During all this ambling about, we learn all there is to know about him.  “…he’s an underachiever in every way he can imagine, professionally, personally, financially…[who] has no problem admiring a good-looking young woman…a standard-issue middle-aged man, [who] normally doesn’t walk around like a cartoon wolf, his eyes bugging out of his head, his tongue scrolling on the floor.”

By the time he gets around to his interview, Quinn has relived much of his past and come to the conclusion that perhaps he doesn’t really want to leave his girlfriend or Ann Arbor after all.  He has mused about countless music groups going back to his days working in a record store when it was always playing “fucking Bob Seger or J. fucking Geils…or fucking Jethro Tull’s ‘Aqualung’.”  Cirque de Soleil, he thinks, “was what entertainment would have been like if the Soviet Union had won the Cold War, fantastically fit but facelessly interchangeable performers in revealing outfits doing spectacular but meaningless stunts for a mindlessly bedazzled audience.”  The terrorists who set off these musings continue to confound him.  “Who bombs Glasgow…who knew Glasgow even had a subway system?”
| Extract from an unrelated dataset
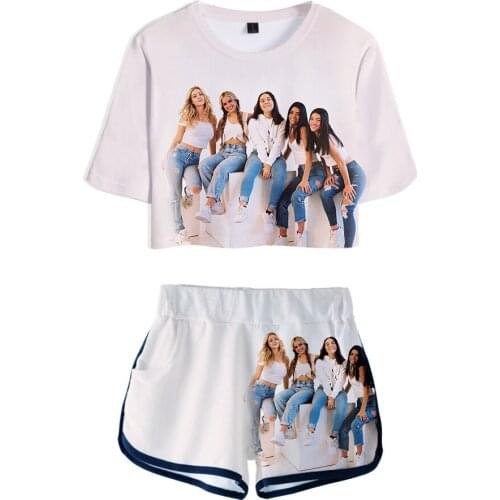 Hip-hop Belly Button t-shirt Two-piece Set + Shorts Ladies Sexy T Shirt Set Brand Design The Hype House Young Girl Rholycrown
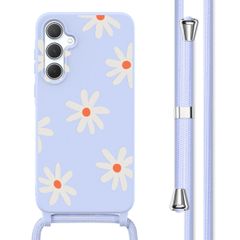 imoshion Siliconen design hoesje met koord Samsung Galaxy A35 - Lila Flower Distance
As Quinn exits the elevator for his interview on the 52nd floor, he notices not only the attractive receptionist, but also the expansive view of the city out the floor-to-ceiling windows.  At this moment Hynes wrenches what little plot there is in “Next” out of its morass of middle-aged angst and creates an action sequence worthy of some Bruce Willis movie.  Having worked his way through 300 pages of amusing social commentary, Hynes shifts on the fly, and we are right there with Quinn as he reconsiders his life and ponders what he might have done differently if he had had a child earlier in his life.

“I’d gladly have given up all the pointless things I stupidly thought made my life worth living,” he writes to his imagined son, “I’d have laughed with you and lost my temper at you and burst into tears at the sight of you and begged fate or God or the universe to deal you a better hand…and I’d have done my best to make sure you turned out okay, that you had a good start in life, because I’m here to tell you, kiddo, there’s nothing certain about it, and you make all the preparation you can and then hope for the best.”

Midway through “Next” I found myself thinking that Hynes is a pretty funny guy who would be a great travel companion. “Next” may or may not be another “Ulysses” but it is meaty enough that I wouldn’t mind going back and reading it again.